Re: [Python-ideas] Adding 'bytes' as alias for 'latin_1' codec.

27 May 2011

      On Sat, May 28, 2011 at 10:55 AM, Greg Ewing
<greg.ewing@canterbury.ac.nz> wrote:
...
Nick Coghlan wrote:
...
The pedagogic cost of making it even harder than it already is to
convince people that bytes are not text would also need to be
considered.
I think that boat was missed some time ago.

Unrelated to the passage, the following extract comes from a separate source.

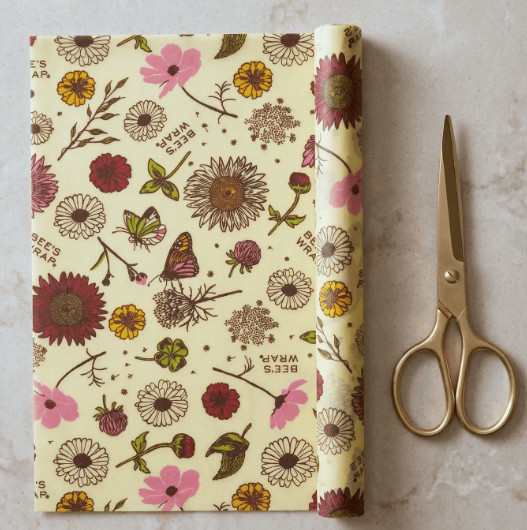 A roll of wax coated food wrap paper with a vintage botanical pattern featuring pink, red, yellow, and green flowers on a cream background, shown next to a pair of gold-handled scissors on a light stone surface.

If there were
ever a serious intention to teach people that bytes are not
text by limiting the feature set of bytes, it would have
been better served by not giving bytes *any* features that
assumed a particular encoding.
As it is, bytes has quite a lot of features that implicitly
treat it as ascii-encoded text: the literal and repr()
forms, capitalize(), expandtabs(), lower(), splitlines(),
swapcase(), title(), upper(), and all the is*() methods.
Accepting all of that, and then saying "Oh, no, we couldn't
possibly provide a format() method, because bytes are not
text" seems a tad inconsistent.
Originally we didn't have all of that - more and more of it crept back
in at the behest of several binary protocol folks (including me, if I
recall correctly).

The urllib.parse experience has convinced me that giving in to that
pressure was a mistake. We went for a premature optimisation, and
screwed up the bytes API as a result. Yes, there is a potential
performance issue with the decode/process/encode model, but simple
keeping a bunch of string methods in the bytes API was the wrong
answer (and something that isn't actually all that useful in practice,
for the reasons brought up in this and other recent threads).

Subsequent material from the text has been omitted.